The approximation \(n / \ln n\) gives reasonably accurate estimates of \(\pi(n)\) even for small \(n\). For example, it is off by less than \(6%\) at \(n = 10^9\), where \(\pi(n) = 50847534\) and \(n/ \ln n = 48 254942\).
By the prime number theorem, the probability that \(n\) is prime is approximately \(1 / \ln n\), and so we would expect to examine approximately \(\ln n\) integers chosen randomly near \(n\) in order to find a prime that is of the same length as \(n\). For example, we expect that finding a \(1024\)-bit prime would require testing approximately \(\ln 2^{1024} \approx 710\) randomly chosen \(1024\)-bit numbers for primality. Of course, we can cut this figure in half by choosing only odd integers.
Fermat’s pseudoprime test
We now consider a method for primality testing that “almost works” and in fact is good enough for many practical applications.

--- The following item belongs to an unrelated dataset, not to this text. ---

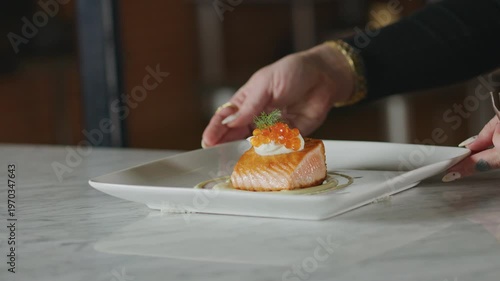 Wallpaper Mural Plated salmon dish garnished with dill and roe, served on a white plate. Torontodigital.ca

Recall that Fermat’s little theorem says that for any integer \(a>0\) and prime \(n\), $$a^{n-1} \equiv 1 \pmod{n}. \label{eq:fermat_little}$$
However, if \(n\) is composite and still satisfies the above equation, then we say that \(n\) is a base-\(a\) pseudoprime. Thus, if we can find any \(a\) such that \(n\) does not satisfy the equation, then \(n\) is certainly composite. Surprisingly, the converse almost holds, so that this criterion forms an almost perfect test for primality. We test to see whether \(n\) satisfies equation [eq:fermat_little] for \(a = 2\). If not, we declare \(n\) to be composite by returning “composite.” Otherwise, we return “prime,” guessing that \(n\) is prime, when in fact, all we know is that \(n\) is either prime or a base-\(2\) pseudoprime.
FermatTest(\(n\)):
1: if FastModExp\((a, n-1, n) \ne 1\) // if \(a^{n-1} \not\equiv 1 \pmod{n}\)
2: return “composite” // definitely
3: else
4: return “prime“ // perhaps
This algorithm can make errors, but only of one type. That is, if it says that \(n\) is composite, then it is always correct. If it says that \(n\) is prime, however, then it makes an error only if \(n\) is a base-\(2\) pseudoprime.
How often does this algorithm output the wrong answer? Surprisingly rarely. There are only \(22\) values of \(n\) less than \(10000\) for which it is wrong; the first four such values are \(341\), \(561\), \(645\), and \(1105\). We won’t prove it, but the probability that this algorithm makes an error on a randomly chosen \(m\)-bit number goes to zero as \(m \to \infty\).
The upshot is that if you are merely trying to find a large prime for some application, for all practical purposes you almost never go wrong by choosing large numbers at random until one of them causes FermatTest to return “prime.” But when the numbers being tested for primality are not randomly chosen, we need a better approach for testing primality.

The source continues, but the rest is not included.